How then should one intending to see the Mona Lisa prepare for the impending meeting? Can the expectation be equaled by experience?
There are a few things one needs to prepare and perhaps bring to the experience to make it worthwhile.
A little bit of history of art.
Much of the complaint about the Mona Lisa is the color palette, which appears to be a bit dark for the modern taste. Colors of the past were made from natural pigments and were limited in their range, unlike today when synthetic colors have a very wide range. Painters of the time made their own pigments and experimented on how to make them last on the canvas.

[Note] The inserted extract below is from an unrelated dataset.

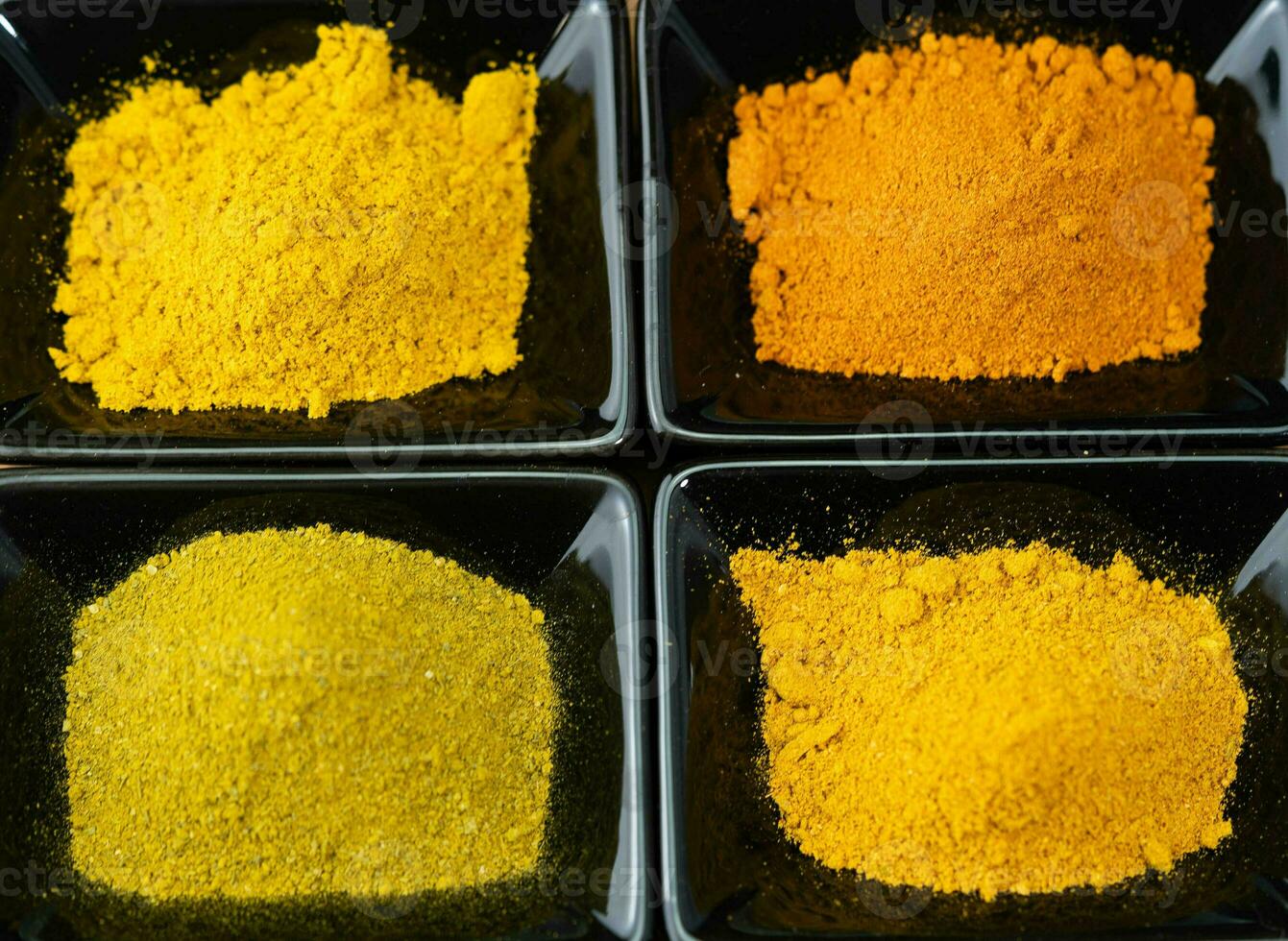 différent sortes de Safran des Indes curcuma longa curry mélanger photo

The darker tempos of the medieval age were now made brighter by blues like azurite, ultramarine and indigo; greens like verdigris, green earth and malachite; the yellows like Naples yellow, orpiment, and lead-tin yellow. Renaissance browns were obtained from umber. Whites were from lead, gypsum and lime white; and black from carbon black and bone black. Red chalks, with their rich, warm hue, were very popular from about 1500 to 1900. Eggs as a medium had just been replaced by oils and their natural luminosity and plasticity enabled Renaissance artists like da Vinci to achieve wholly new effects of color and realism, and significantly enhanced the power of their color palettes. Also, significant is that Leonardo painted in the technique that he created that made use of the soft blending of colors instead of defining subjects with hard lines. This was called the sfumato technique.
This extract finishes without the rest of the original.